Full-text search

Jasonisnthappy includes a built-in full-text search engine that uses TF-IDF (Term Frequency-Inverse Document Frequency) scoring to rank search results by relevance.

Overview

Full-text search allows you to:

Search across multiple text fields
Rank results by relevance score
Handle Unicode text correctly
Filter common words automatically
Scale to large document collections

Text search requires a text index to be created first. Regular indexes don’t support full-text search.

Creating a text index

Single field index

Create a text index on one field.

use jasonisnthappy::Database;
use serde_json::json;

let db = Database::open("my.db")?;

// Create text index on "content" field
db.create_text_index(
    "posts",           // collection name
    "content_idx",     // index name
    &["content"]       // fields to index
)?;

println!("Text index created!");

Multi-field index

Search across multiple fields simultaneously.

// Index both title and body for blog posts
db.create_text_index(
    "posts",
    "search_idx",
    &["title", "body"]  // Multiple fields
)?;

// Index product name and description
db.create_text_index(
    "products",
    "product_search",
    &["name", "description", "tags"]
)?;

Include all fields you want to search in a single text index. Multiple text indexes on the same collection are supported but each search uses only one index.

Searching

Basic search

Search for documents and get results sorted by relevance.

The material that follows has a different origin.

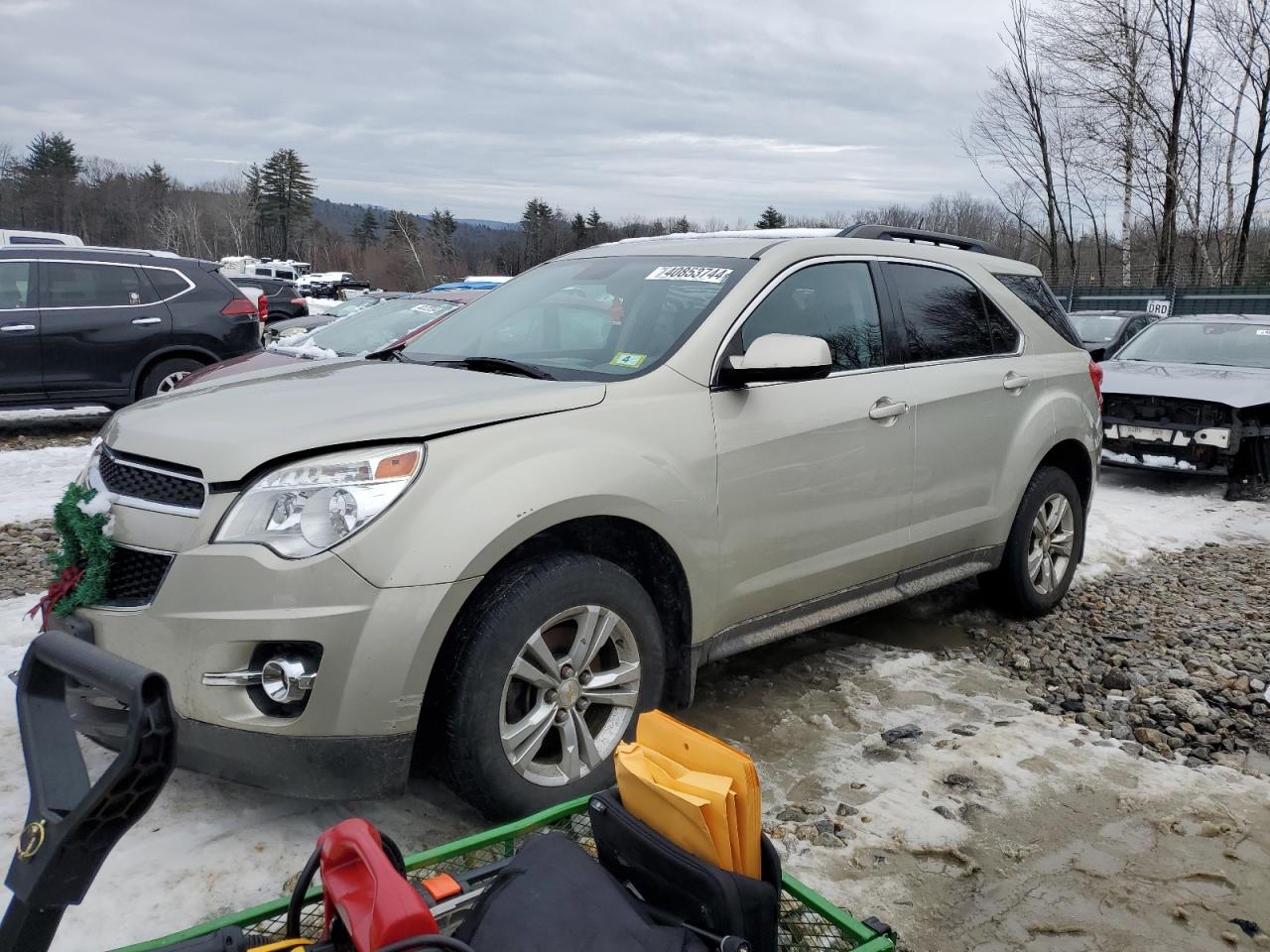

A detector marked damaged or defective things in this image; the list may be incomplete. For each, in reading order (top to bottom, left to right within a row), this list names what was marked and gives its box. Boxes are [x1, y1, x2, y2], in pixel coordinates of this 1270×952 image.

damaged car [1102, 314, 1270, 495]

let posts = db.collection("posts");

// Insert some documents
posts.insert(json!({
    "title": "Introduction to Rust",
    "body": "Rust is a systems programming language focused on safety and performance."
}))?;

posts.insert(json!({
    "title": "Building a Database in Rust",
    "body": "Learn how to build a high-performance embedded database using Rust."
}))?;

// Search (returns results ranked by relevance)
let results = posts.search("rust database")?;

for result in results {
    println!("Doc ID: {} (score: {:.2})", result.doc_id, result.score);
    
    // Fetch the full document
    let doc = posts.find_by_id(&result.doc_id)?;
    println!("Title: {}", doc["title"]);
}

Understanding relevance scores

Scores represent how well a document matches the query:

Higher scores = more relevant
Scores are based on TF-IDF algorithm
Documents are automatically sorted by score (highest first)

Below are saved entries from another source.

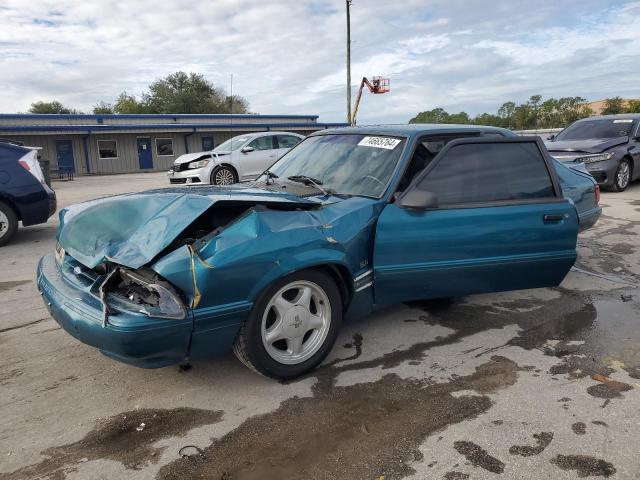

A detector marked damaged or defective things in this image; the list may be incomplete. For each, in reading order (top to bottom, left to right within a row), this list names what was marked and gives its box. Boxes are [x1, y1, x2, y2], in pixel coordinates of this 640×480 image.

shattered windshield [264, 133, 404, 197]
crumpled hood [544, 137, 632, 154]
shattered windshield [556, 118, 636, 141]
crumpled hood [57, 188, 318, 270]
damaged ford mustang [38, 124, 600, 378]
broken headlight [105, 268, 188, 320]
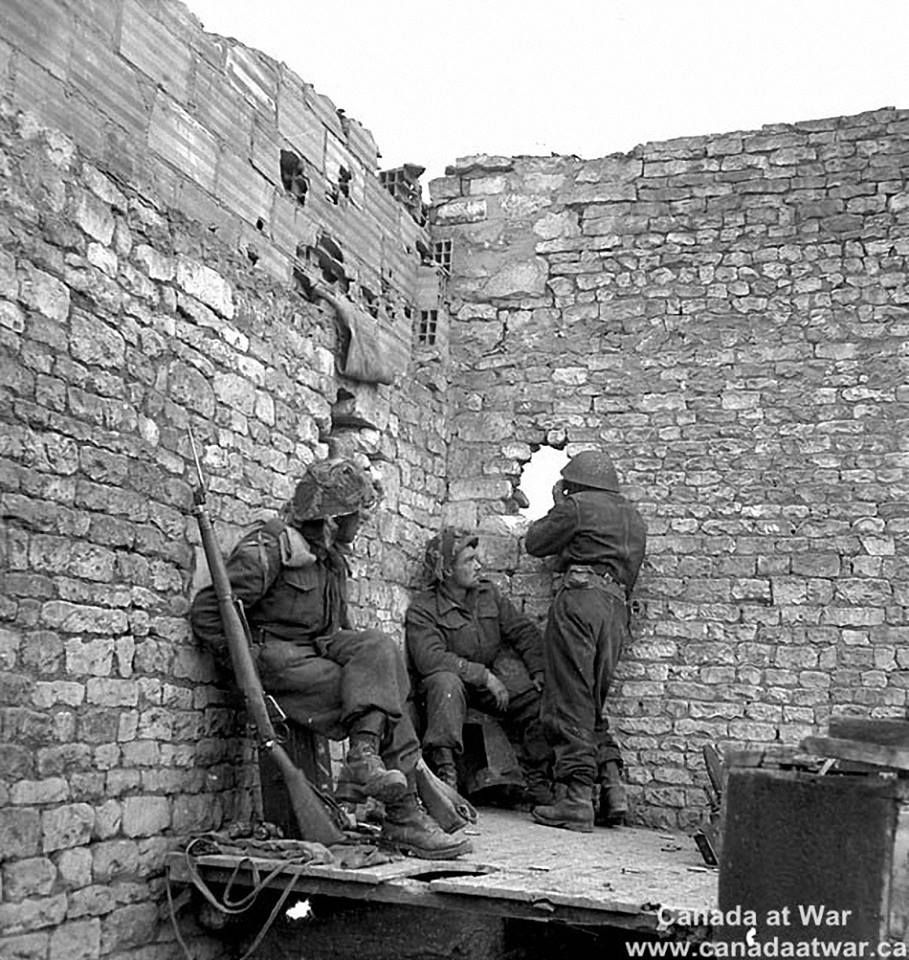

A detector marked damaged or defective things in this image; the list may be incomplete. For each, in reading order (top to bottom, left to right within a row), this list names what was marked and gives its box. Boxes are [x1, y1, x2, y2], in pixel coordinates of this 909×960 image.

damaged stone wall [0, 1, 450, 960]
damaged stone wall [430, 109, 908, 828]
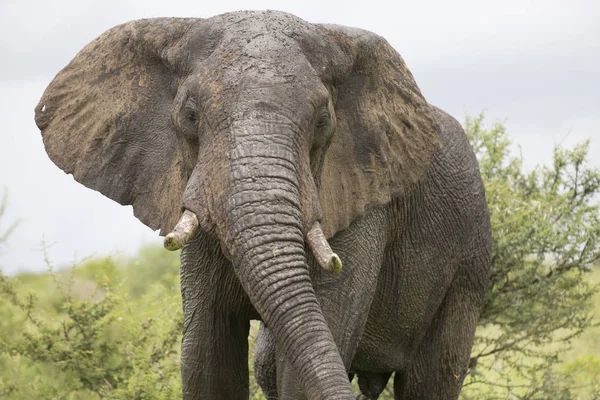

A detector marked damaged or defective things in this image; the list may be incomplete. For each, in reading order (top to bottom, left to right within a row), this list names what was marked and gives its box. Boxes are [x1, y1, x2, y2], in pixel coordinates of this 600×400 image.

broken tusk [164, 209, 199, 250]
broken tusk [310, 220, 342, 274]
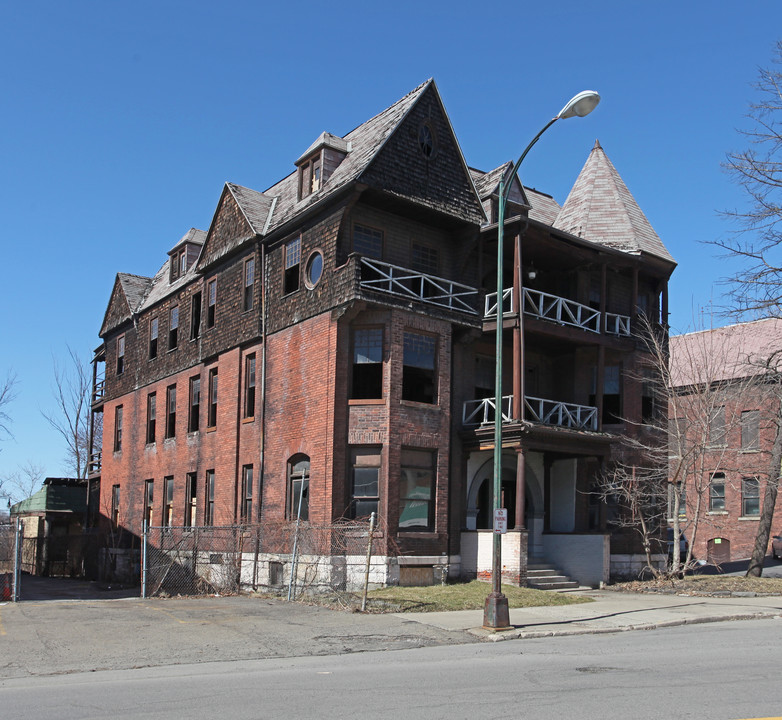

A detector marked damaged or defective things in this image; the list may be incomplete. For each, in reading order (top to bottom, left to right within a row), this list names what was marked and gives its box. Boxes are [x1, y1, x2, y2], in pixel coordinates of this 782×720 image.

broken window [286, 235, 302, 294]
broken window [352, 328, 382, 400]
broken window [404, 334, 440, 404]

let results = posts.search("rust programming")?;

for result in results {
    if result.score > 1.0 {
        println!("Highly relevant: {}", result.doc_id);
    } else if result.score > 0.5 {
        println!("Moderately relevant: {}", result.doc_id);
    } else {
        println!("Low relevance: {}", result.doc_id);
    }
}

How it works

Tokenization

Text is broken into tokens (words) using Unicode-aware word boundaries.

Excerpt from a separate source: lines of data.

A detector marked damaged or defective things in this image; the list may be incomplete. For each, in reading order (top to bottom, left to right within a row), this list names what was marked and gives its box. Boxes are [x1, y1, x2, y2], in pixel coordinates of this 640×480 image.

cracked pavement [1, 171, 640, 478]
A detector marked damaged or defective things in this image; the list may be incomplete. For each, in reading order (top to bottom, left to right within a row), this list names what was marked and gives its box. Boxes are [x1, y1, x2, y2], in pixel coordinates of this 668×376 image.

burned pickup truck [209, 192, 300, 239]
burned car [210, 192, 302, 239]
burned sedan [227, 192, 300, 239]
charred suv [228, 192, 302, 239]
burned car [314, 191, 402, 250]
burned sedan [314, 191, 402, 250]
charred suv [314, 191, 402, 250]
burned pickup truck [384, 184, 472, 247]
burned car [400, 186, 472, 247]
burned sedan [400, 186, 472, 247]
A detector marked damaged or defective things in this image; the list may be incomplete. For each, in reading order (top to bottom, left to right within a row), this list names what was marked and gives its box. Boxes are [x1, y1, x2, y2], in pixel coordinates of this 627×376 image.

// Text: "Hello, World! Let's build a database."
// Tokens: ["hello", "world", "let's", "build", "database"]

// Unicode support
// Text: "Rust is 🔥 amazing!"
// Tokens: ["rust", "is", "amazing"]

Features:

Case-insensitive (converted to lowercase)
Unicode word boundaries
Filters single-character tokens
Preserves contractions (“let’s”, “don’t”)

TF-IDF scoring

Relevance is calculated using Term Frequency-Inverse Document Frequency:

Term Frequency (TF)

How often does a term appear in the document?

TF = (count of term in document) / (total terms in document)

Inverse Document Frequency (IDF)

How rare is the term across all documents?

IDF = ln(total documents / documents containing term)

Final score

Score = TF × IDF

Common words (“the”, “is”) get low IDF → low score Rare, specific words get high IDF → high score

Advanced usage

Multi-word queries

Search for multiple terms - documents matching more terms score higher.

// Search for "rust database performance"
let results = posts.search("rust database performance")?;

// Documents containing all three terms rank highest
// Documents with 2 terms rank middle
// Documents with 1 term rank lowest

Search and filter

Combine full-text search with regular queries.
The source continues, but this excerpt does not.